El aprendiz del crimen
Por Pedro Conde Sturla
La extraña amistad de Johnny Abbes con Nene Trujillo le sirvió seguramente de palanca para acercarse al dueño (o administrador) del país. Según se dice, el mayor y definitivo acercamiento, lo que lo cambiaría todo, fue una carta que (tal vez gracias a Nene o a algún otro padrino) hizo llegar Johnny Abbes al despacho palaciego de la bestia. La carta cumplió con un doble propósito: ofrecerle sus servicios y motivar al mismo tiempo su interés. También es posible que haya sido Nene Trujillo quien lo presentara personalmente a la bestia, sin mediación de carta alguna. Lo cierto es que se cayeron bien, que se agradaron uno al otro. Ese fue el principio de una monstruosa amistad.
Durante el primer encuentro, Johnny Abbes le dijo quería estudiar en México (quizás ciencias políticas o inteligencia policial) y aprovechar su estadía para recoger información sobre el exilio y los exiliados dominicanos, amén de la infiltración comunista.
A la bestia le gustó la idea y le gustó el personaje, la iniciativa de aquel tipo flácido y de apariencia apacible. De hecho, fue como si se mirara a sí mismo ante un espejo. Definitivamente, en ese tipo flácido y de apariencia apacible, amable, sádico y retorcido depositaría más adelante toda su confianza y no se arrepentiría.
La bestia lo designó en un cargo diplomático y muy pronto estaría viajando Jonny Abbes a México y Centroamérica y dándose a conocer por sus incontables fechorías.
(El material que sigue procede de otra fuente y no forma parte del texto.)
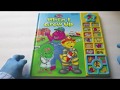 BARNEY When I Grow Up INTERACTIVE Play A Sound
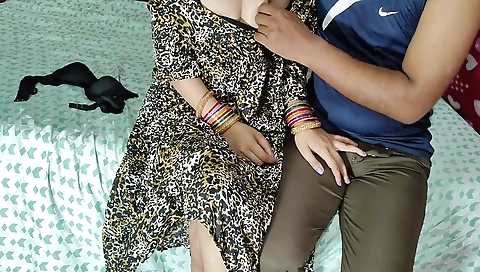Indian teen shows her hairy pussy to her boyfriend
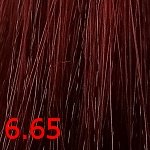 Перманентная крем-краска Ollin N-JOY (396482, 6/65, темно-русый красно-махагоновый, 100 мл, Базовые оттенки)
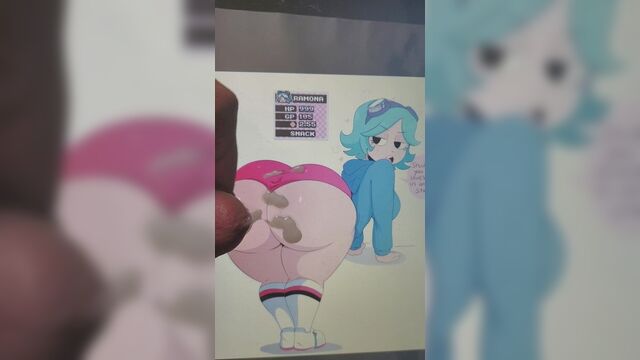 Трибьют Ramona с цветами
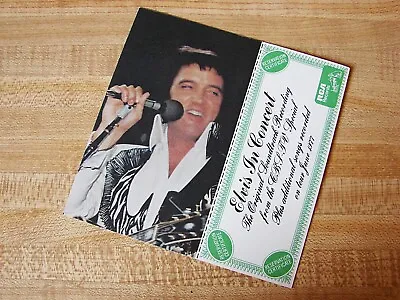 FREE SHIPPING Elvis Presley 1977 Promo Concert Reservation Certificate MINT • $13.34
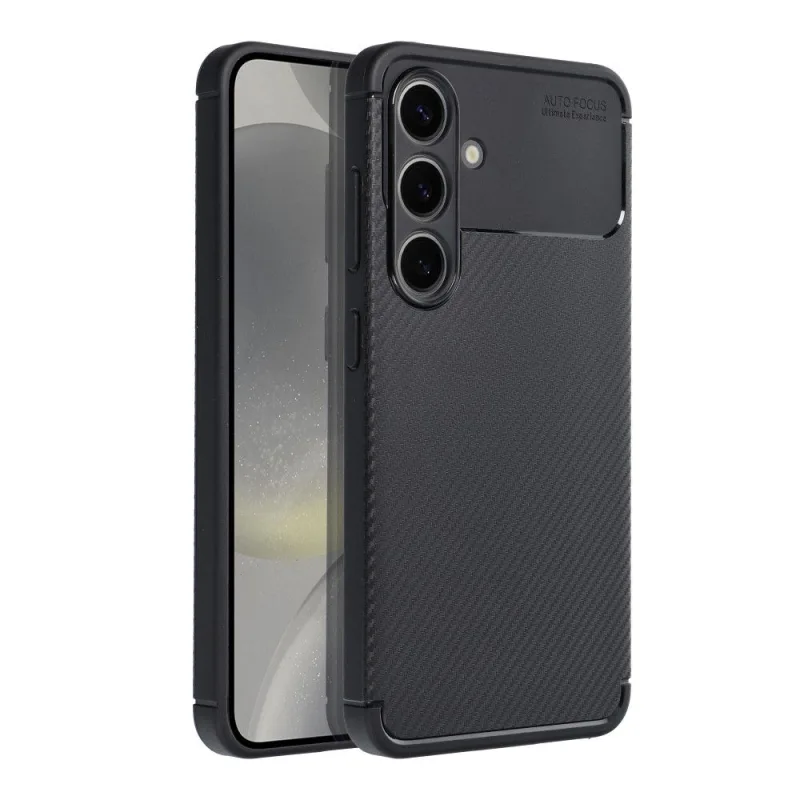 Defender Puzdro odolné protinárazové Samsung Galaxy S24, S921 Farba: Čierna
México se regía por una dictadura unipartidista con fachada democrática que permitía hasta cierto punto las libertades públicas, y Ciudad México, a diferencia de Ciudad Trujillo, era una urbe enorme y cosmopolita y era un nido de espías y conspiradores. Había (y tiene que haber todavía) exilados y agentes de todos los países, había lugares históricos, bares, cafeterías, enteras zonas de la ciudad donde se concertaban los espías, lugares muy conocidos que se asociaban con gente de ese mundo.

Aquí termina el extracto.